= Fernando González de Marañón =

Fernando González de Marañón (died April 1219) was the sixth Grand Master of the Order of Santiago from 1206 until 1210.

Fernando was born in the second half of the twelfth century. His family was of Navarrese origin, but active in the kingdom of Castile. He was the son of Count Gonzalo de Marañón, who may have been a member of the confraternity of Cáceres organized by Pedro Fernández de Castro, which became the Order of Santiago in 1170.

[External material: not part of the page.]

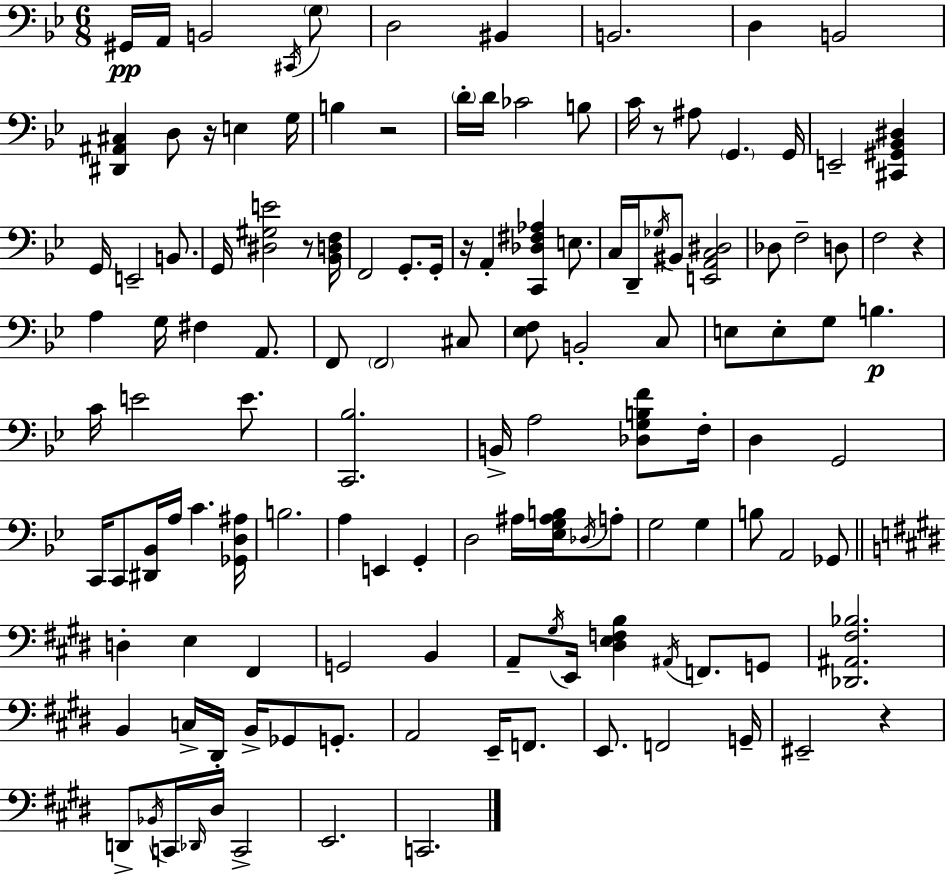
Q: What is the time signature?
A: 6/8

Fernando succeeded Suero Rodríguez as grand master in 1206. He resettled the domains owned by his order, granting fueros to Huélamo and Villarrubia de Santiago and new rights to Ocaña. He reached an agreement on cooperation with the Order of Calatrava and maintained good relations with the Papacy. Between 1207 and 1210, he received five bulls from Innocent III dealing with the rights of the order, its internal discipline and its relations with the secular clergy, among other things.

Since the truces that Alfonso VIII of Castile had signed with the Almohads prevented the order from fulfilling its purpose of fighting them, Fernando received Innocent III's approval to bring his knights into the service of King Peter II of Aragon. In 1210, he went from Uclés through Albarracín to join Peter II's offensive towards Valencia and Murcia. The knights of Santiago captured the fortresses of Jabaloyas, Villarquemado and Fontaner before joining the siege of Montalbán. Peter left the siege early and the castle was captured by the knights. In June, Peter conferred it on them and it became their headquarters in Aragon.

Fernando resigned the mastership later in 1210 and died in April 1219. A contrary report is given by Francisco de Rades y Andrada, according to which Fernando died shortly after the conquest of Montalbán and was buried in Alarcón.